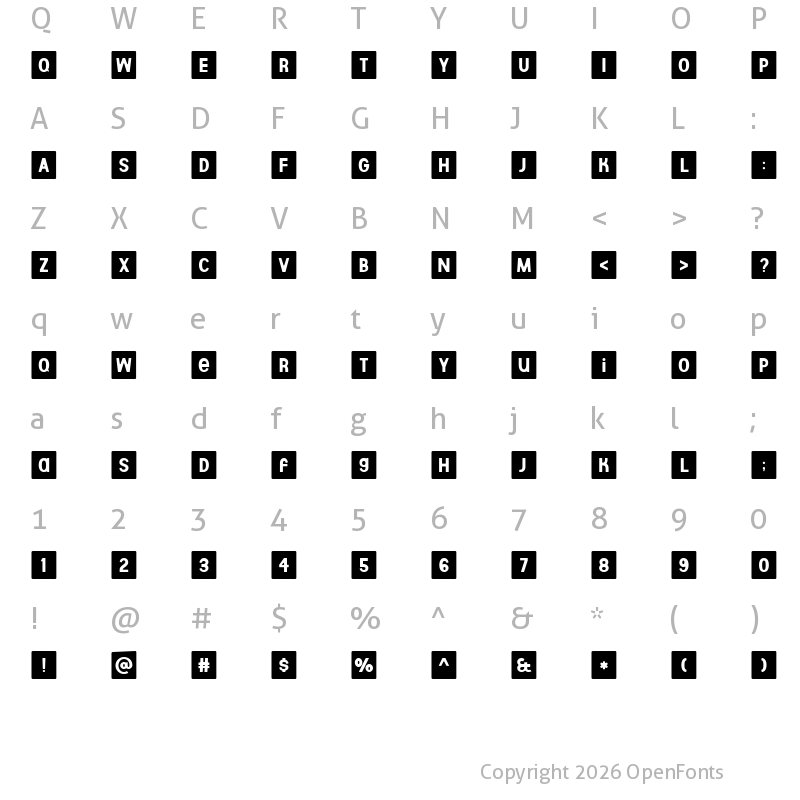 Character Map of Aberforth Tiles Regular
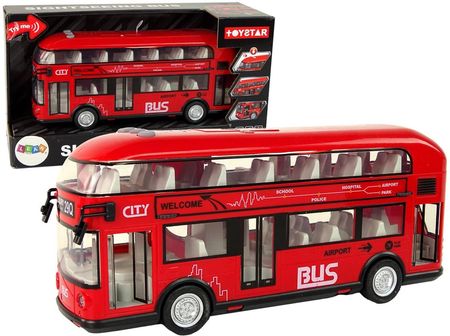 Leantoys Autobus Dwupiętrowy Czerwony Z Napędem Frykcyjnym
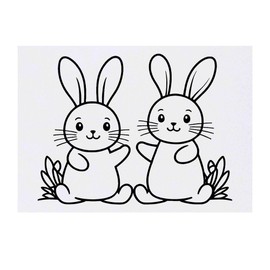 'Joyful Rabbits' Temporary Tattoo - Water Resistant, Skin-Safe, Non-Toxic Transfer (TO00078469)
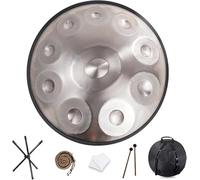 TAMBOR DE HANDPAN DE ACERO DE 9/10/12 NOTAS, 440 Hz/432 Hz, instrumento de percusión armónica de 22 pulgadas en re menor for sanación con sonido y meditación personal(Silver,10 Notes (440Hz))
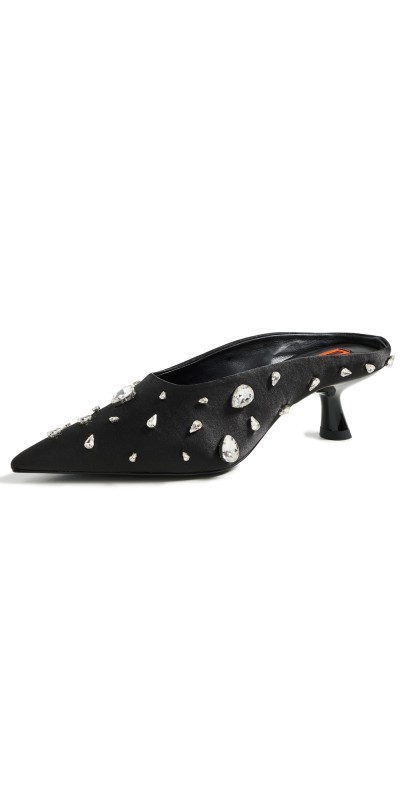 SIMONMILLER Teardrop Crystal Pointed Gala Mules Black/Clear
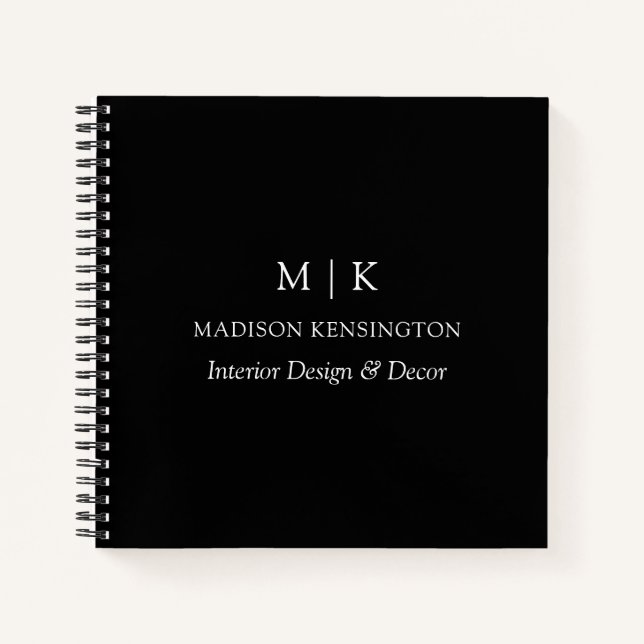 Monogram or Add Logo Business Black Square Notebook (Front)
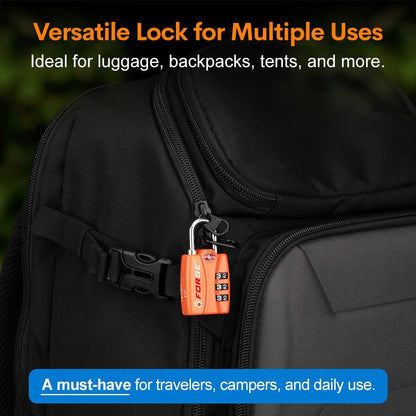 Forge TSA Luggage Combination Lock - Open Alert Indicator, Easy Read Dials, Alloy Body- Ideal for Travel, Lockers, Bags (Orange 2PK)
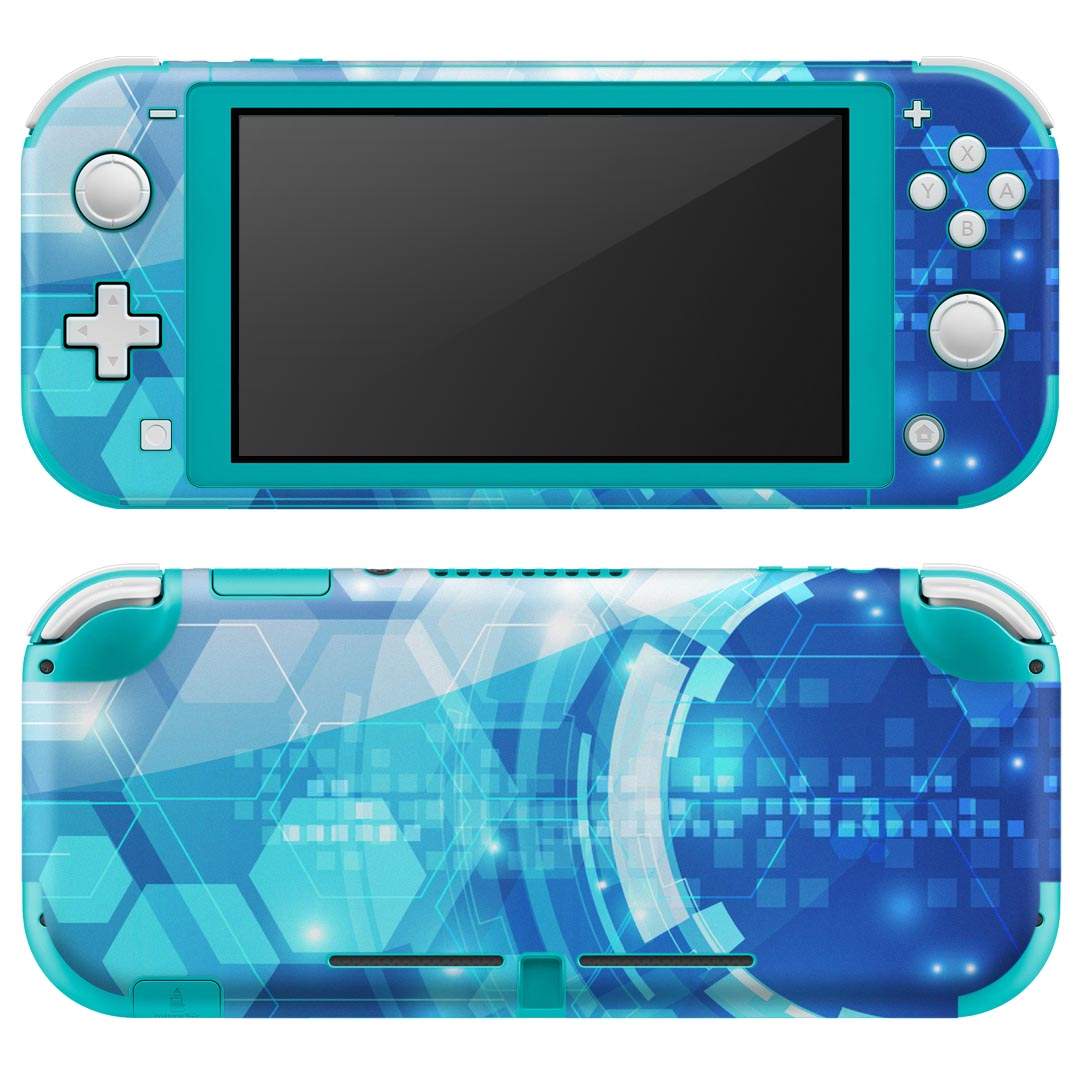 igsticker Nintendo Switch Lite 専用 デザインスキンシール 全面 ニンテンドー スイッチ ライト 専用 ゲーム機 カバー アクセサリー フィルム ステッカー エアフリー 012762 青　機械　柄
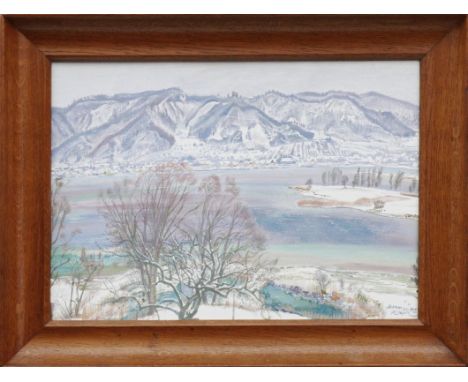 Nägele, Reinhold (1884 Murrhardt - 1972 Stuttgart)"Blick auf Bodman" und Bodanrück sowie Ruine Bodman von Ludwigshafen aus ge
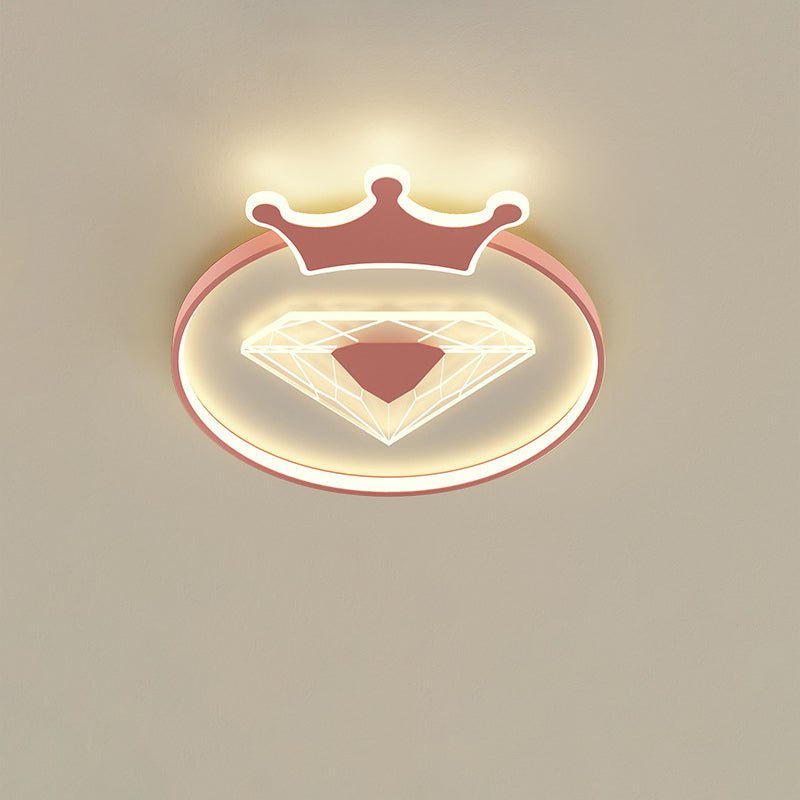 Moderne Art Deco Crown Diamant Runde Acryl Eisen LED Unterputz Deckenleuchte Für Schlafzimmer 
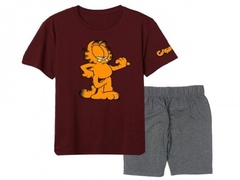 Piżama garfield dla panów bordo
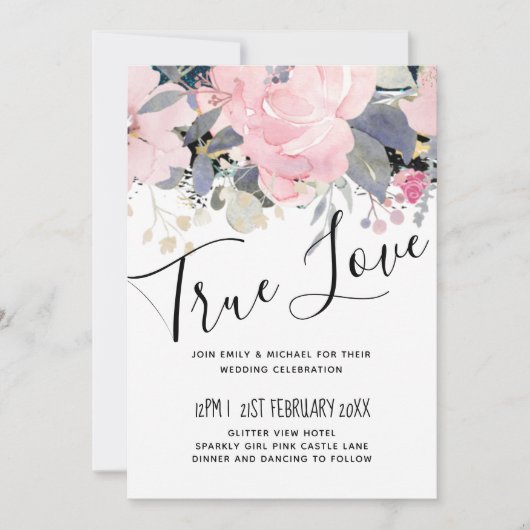 Blush Pink Dusty Blue Floral Wedding Budget (Vorderseite)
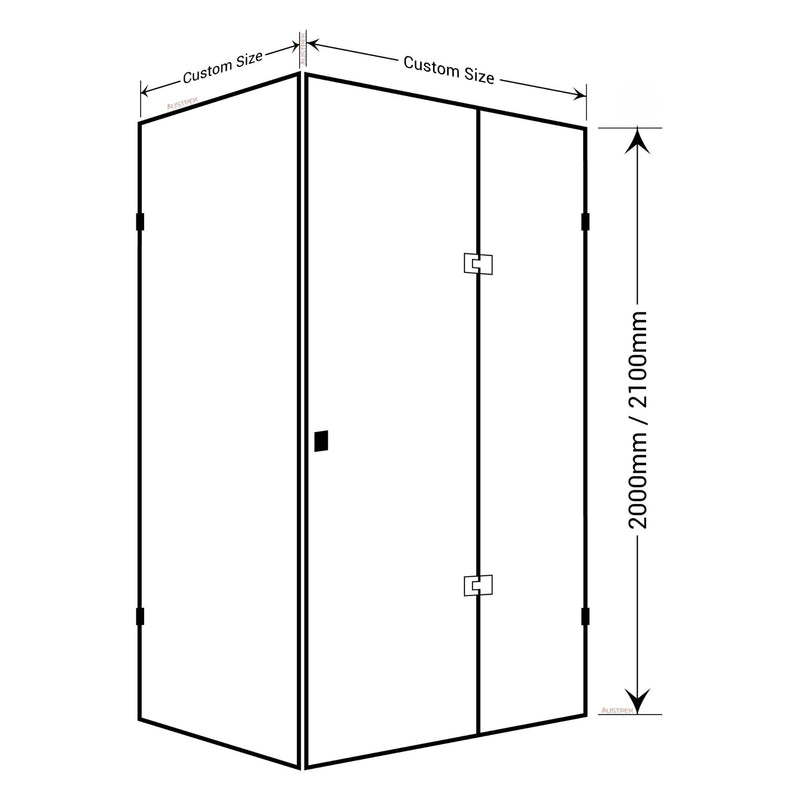 BELLA VISTA VALENTINA FRAMELESS PIVOT FRONT AND RETURN PANEL SHOWER SCREEN BRUSHED NICKEL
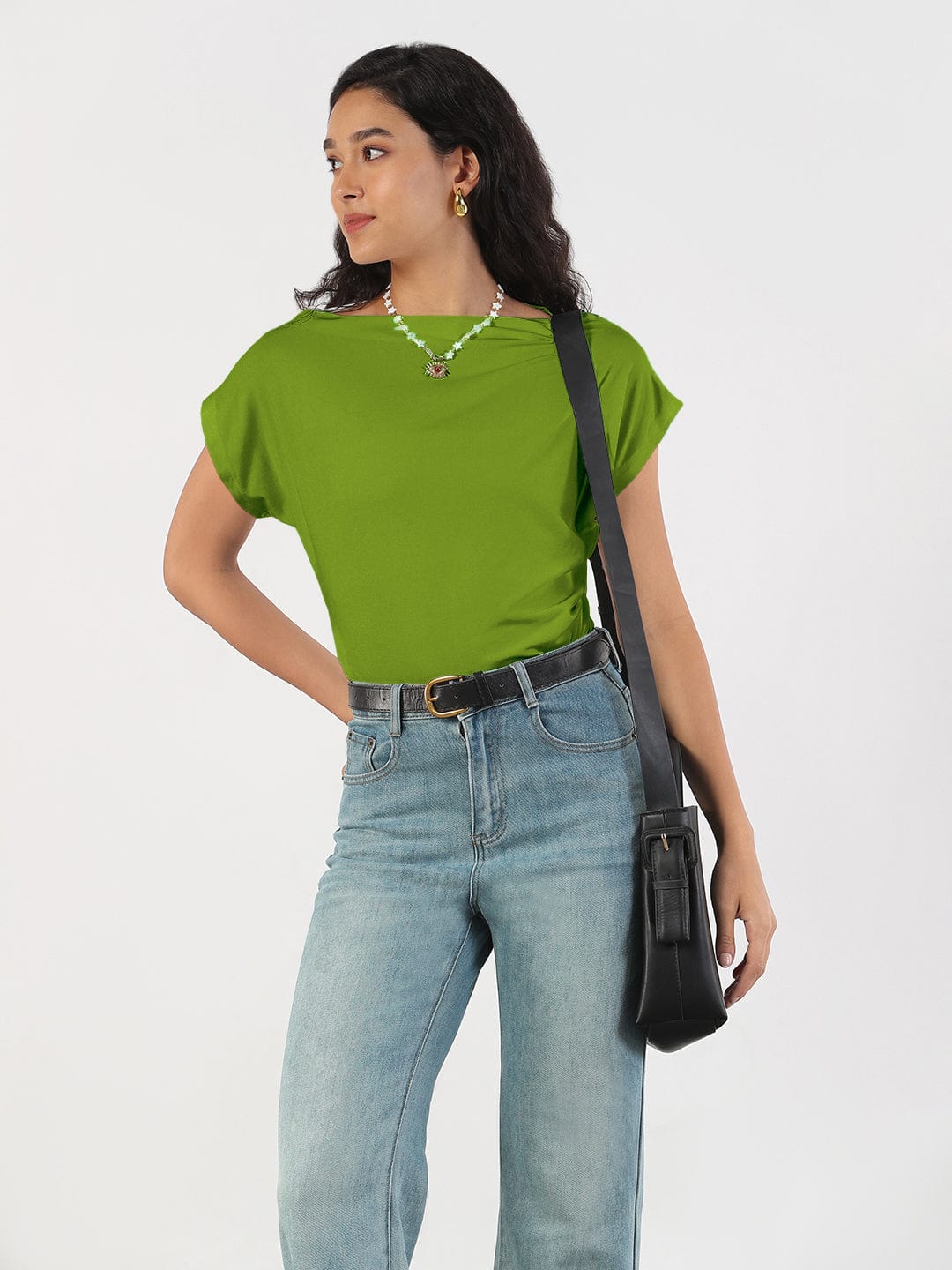 Women's Green Boat Neck Top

++++++++++

> **Task directions**: Please write out every line of the listing above exactly, and leave the images behind.

> **Answer for this exercise**:
 Character Map of Aberforth Tiles Regular
 Leantoys Autobus Dwupiętrowy Czerwony Z Napędem Frykcyjnym
 'Joyful Rabbits' Temporary Tattoo - Water Resistant, Skin-Safe, Non-Toxic Transfer (TO00078469)
 TAMBOR DE HANDPAN DE ACERO DE 9/10/12 NOTAS, 440 Hz/432 Hz, instrumento de percusión armónica de 22 pulgadas en re menor for sanación con sonido y meditación personal(Silver,10 Notes (440Hz))
 SIMONMILLER Teardrop Crystal Pointed Gala Mules Black/Clear
 Monogram or Add Logo Business Black Square Notebook (Front)
 Forge TSA Luggage Combination Lock - Open Alert Indicator, Easy Read Dials, Alloy Body- Ideal for Travel, Lockers, Bags (Orange 2PK)
 igsticker Nintendo Switch Lite 専用 デザインスキンシール 全面 ニンテンドー スイッチ ライト 専用 ゲーム機 カバー アクセサリー フィルム ステッカー エアフリー 012762 青　機械　柄
 Nägele, Reinhold (1884 Murrhardt - 1972 Stuttgart)"Blick auf Bodman" und Bodanrück sowie Ruine Bodman von Ludwigshafen aus ge
 Moderne Art Deco Crown Diamant Runde Acryl Eisen LED Unterputz Deckenleuchte Für Schlafzimmer 
 Piżama garfield dla panów bordo
 Blush Pink Dusty Blue Floral Wedding Budget (Vorderseite)
 BELLA VISTA VALENTINA FRAMELESS PIVOT FRONT AND RETURN PANEL SHOWER SCREEN BRUSHED NICKEL
 Women's Green Boat Neck Top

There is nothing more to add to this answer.